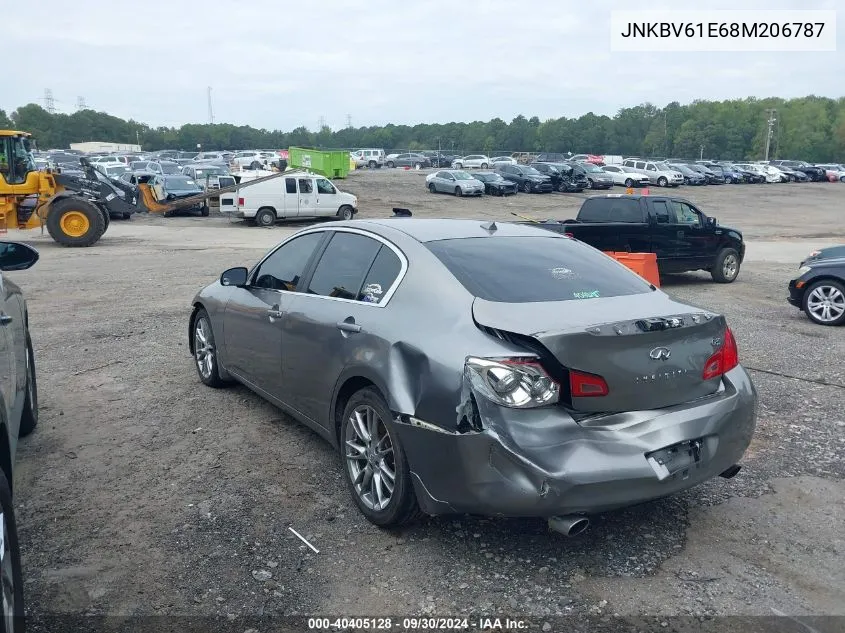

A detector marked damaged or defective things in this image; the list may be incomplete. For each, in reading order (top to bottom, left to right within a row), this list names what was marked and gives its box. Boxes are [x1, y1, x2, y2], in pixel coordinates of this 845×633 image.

crumpled rear bumper [392, 362, 756, 516]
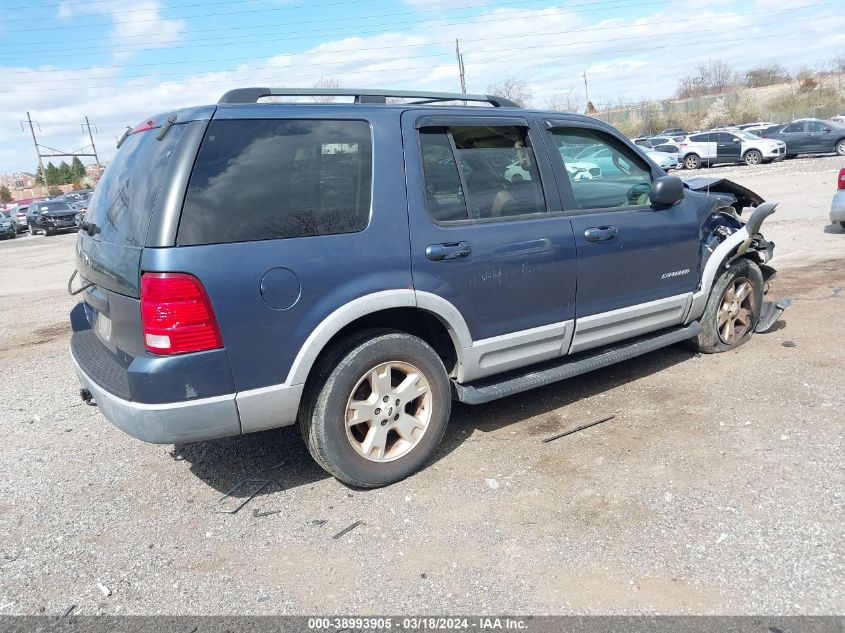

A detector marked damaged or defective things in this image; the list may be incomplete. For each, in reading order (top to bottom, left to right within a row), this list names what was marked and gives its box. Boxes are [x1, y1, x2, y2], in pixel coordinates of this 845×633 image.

damaged vehicle [66, 86, 784, 486]
damaged wheel [692, 260, 764, 354]
front-end collision damage [688, 198, 788, 330]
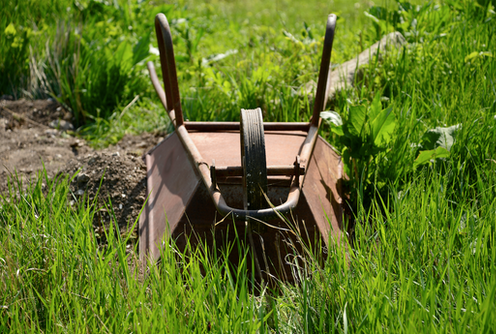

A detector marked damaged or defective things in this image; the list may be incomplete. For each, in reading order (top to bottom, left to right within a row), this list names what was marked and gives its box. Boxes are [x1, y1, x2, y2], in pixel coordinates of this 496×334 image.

rusty metal wheel [240, 108, 268, 210]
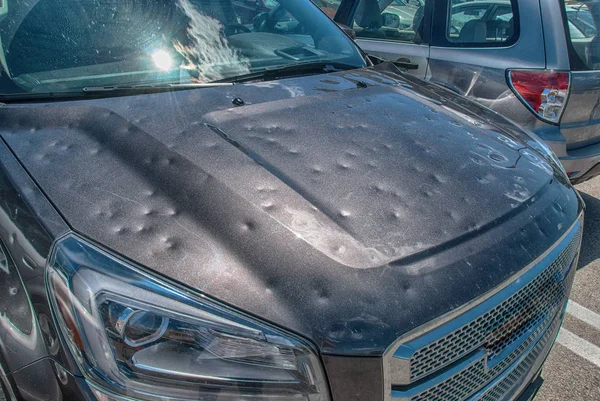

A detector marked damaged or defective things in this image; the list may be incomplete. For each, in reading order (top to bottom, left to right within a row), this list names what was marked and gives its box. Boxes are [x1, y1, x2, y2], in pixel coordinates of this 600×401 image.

dented car hood [0, 63, 580, 354]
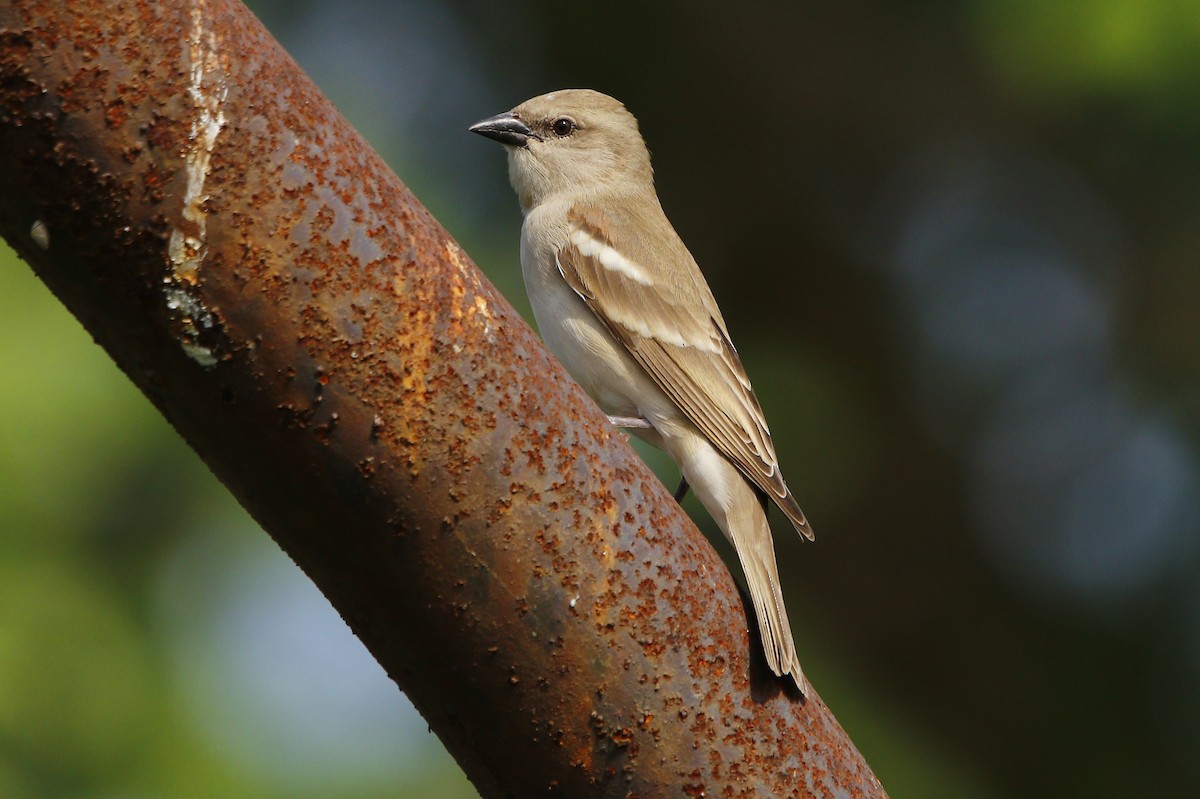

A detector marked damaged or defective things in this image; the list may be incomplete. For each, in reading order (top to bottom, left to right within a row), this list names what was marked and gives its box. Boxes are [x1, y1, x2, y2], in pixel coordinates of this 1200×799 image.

rusty metal pipe [0, 3, 883, 791]
rusted surface [0, 3, 888, 791]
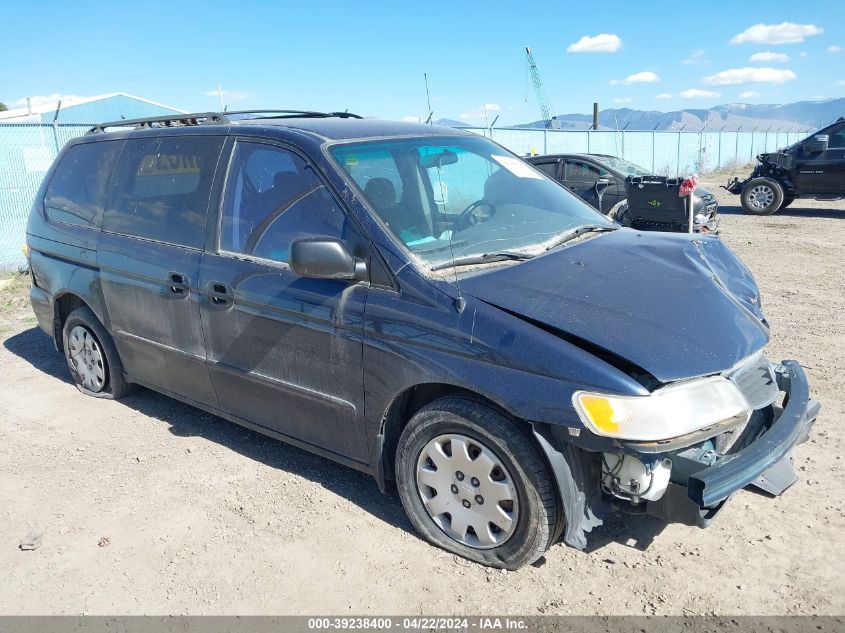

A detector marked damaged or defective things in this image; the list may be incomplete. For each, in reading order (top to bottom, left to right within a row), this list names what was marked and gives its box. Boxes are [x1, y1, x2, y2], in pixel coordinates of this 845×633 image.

damaged front bumper [644, 358, 816, 524]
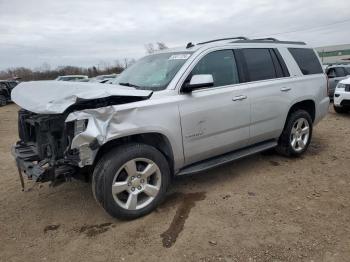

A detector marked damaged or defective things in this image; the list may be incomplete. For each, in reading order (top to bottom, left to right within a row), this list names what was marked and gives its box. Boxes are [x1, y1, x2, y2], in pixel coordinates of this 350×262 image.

crumpled hood [11, 80, 152, 112]
damaged front end [12, 108, 80, 184]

EXERCISE GOAL
Repeat each entry exactly. Pictures do not belong in the copy.

ANSWER BELOW
A detector marked damaged or defective things in this image; the list may be incomplete. For each, in reading order (top to bottom, left to right within a row), this list names what was marked and gives its box. Boxes are [x1, y1, x2, y2], in pixel coordinates of this 845×633 image.

crumpled rear bumper [392, 362, 756, 516]

A detector marked damaged or defective things in this image; the list may be incomplete. For each, in reading order (top to bottom, left to right within a row), this list names what was marked and gives its box. Boxes are [x1, y1, x2, y2], in pixel coordinates of this 845×633 image.

damaged vehicle [66, 86, 784, 486]
damaged wheel [692, 260, 764, 354]
front-end collision damage [688, 198, 788, 330]

A detector marked damaged or defective things in this image; the list may be incomplete. For each, in reading order (top to bottom, left to right within a row), this list names what was marked and gives its box. Boxes are [x1, y1, x2, y2], in pixel coordinates of this 496×334 image.

rusty metal wheel [240, 108, 268, 210]

A detector marked damaged or defective things in this image; the list may be incomplete. For each, in reading order (top to bottom, left to right within a row), this list names what was marked and gives its box. Boxes are [x1, y1, x2, y2], in pixel coordinates of this 600×401 image.

dented car hood [0, 63, 580, 354]

A detector marked damaged or defective things in this image; the list may be incomplete. For each, in reading order (top to bottom, left to right within a row), this list names what was marked and gives its box. Boxes are [x1, y1, x2, y2], in pixel coordinates of this 1200×799 image.

rusty metal pipe [0, 3, 883, 791]
rusted surface [0, 3, 888, 791]

A detector marked damaged or defective things in this image; the list may be incomplete. For each, in reading order (top to bottom, left to right within a row), this list names what was marked and gives its box. Boxes are [x1, y1, x2, y2], in pixel coordinates of this 845×633 image.

damaged front bumper [644, 358, 816, 524]

A detector marked damaged or defective things in this image; the list may be incomplete. For each, in reading order (top to bottom, left to right within a row), this list names what was marked and gives its box. Boxes are [x1, y1, x2, y2], in pixel coordinates of this 350×262 image.

crumpled hood [11, 80, 152, 112]
damaged front end [12, 108, 80, 184]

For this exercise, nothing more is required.